Oscar Isaac and Jessica Chastain Star in Crime/Morality Tale of 1981 NYC

DIRECTED BY J.C. CHANDOR/2014

Lurking modestly in the fringes of film awards season, we have this – an accomplished, dignified slow burn of a film. A Most Violent Year is a crime film, a crumbling family drama, an unexpected character study, and an art house pot-boiler.  Oscar Isaacs is commanding in the lead as up and coming businessman Abel Morales, looking more like a young Chazz Palminteri than the unkempt ne’er-do-well of Inside Llewyn Davis, just a year ago. Here we have a different side of Isaacs – his eyes intense and unrelenting, his hair slick, and his suits unblemished; all just a tad too perfect. (But right for the character.) He immediately challenges our presumptions about whether he’s a gangster.

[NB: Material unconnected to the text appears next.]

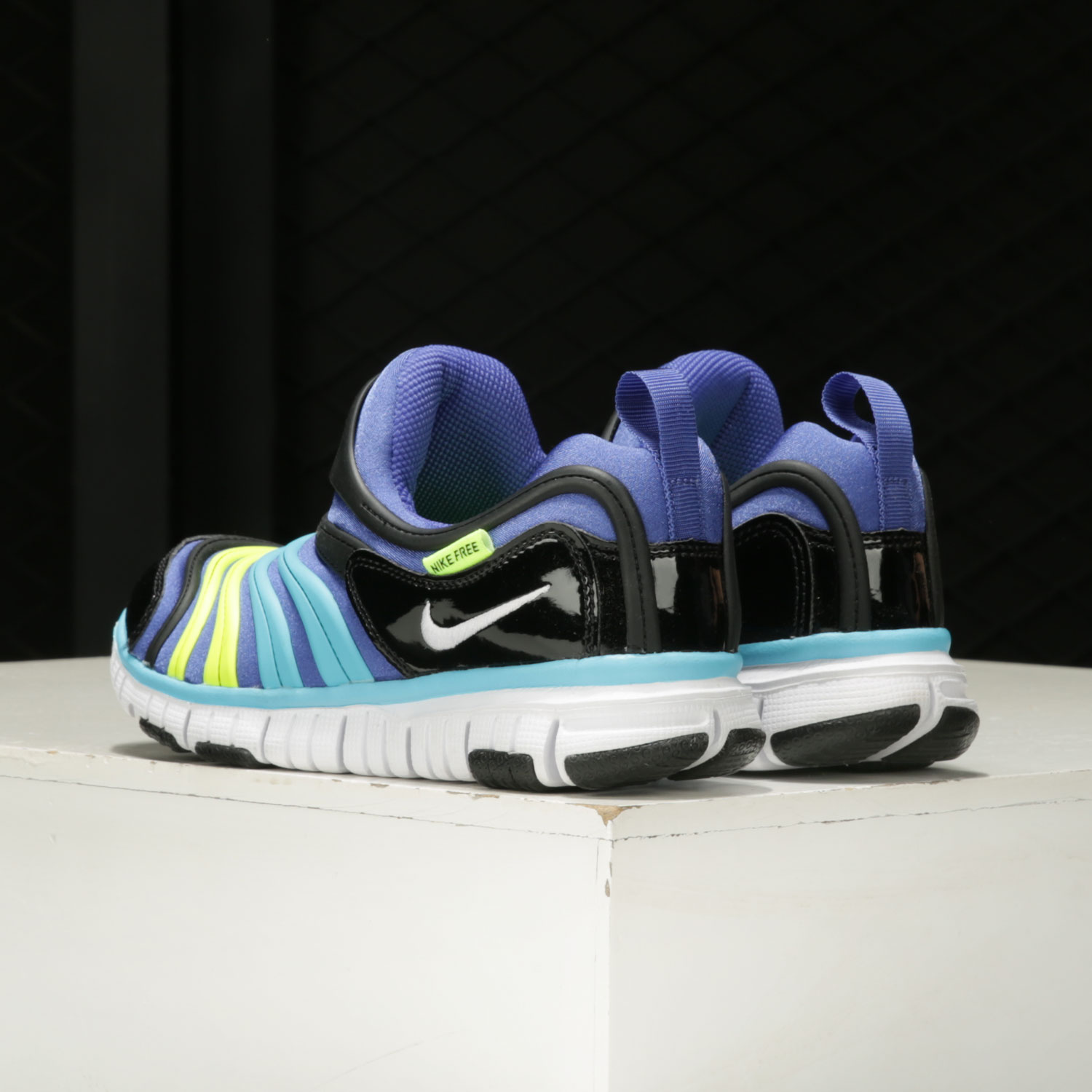 Nike/耐克毛毛虫轻便一脚蹬运动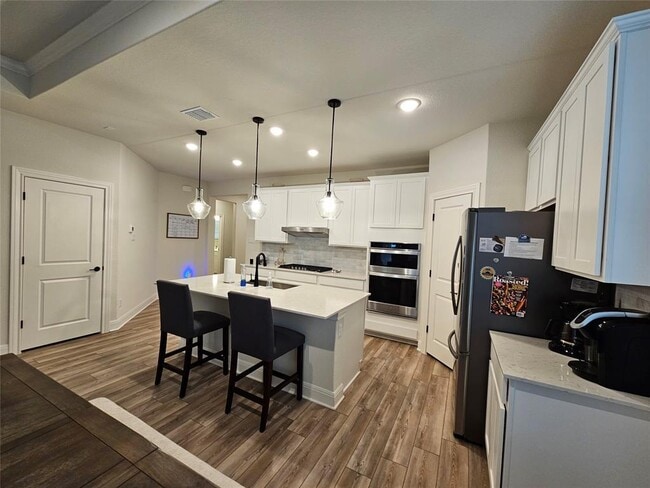 Building Photo - 138 Sugarberry Dr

The year in this film is 1981, the most violent year on record for then bombed-out New York City. Doing a lot with an apparent little, rising director J.C. Chandor and his production designer John P. Goldsmith and cinematographer Bradford Young sell the era, and all it’s tumult, completely. It’s a subtle 1981 NYC, perhaps only screaming “period picture!!” When Jessica Chastain shows up with her eye-popping hair and wardrobe, almost worthy of American Hustle.

Abel pilots his own life like a man who never heard the truism “pride comes before a fall”.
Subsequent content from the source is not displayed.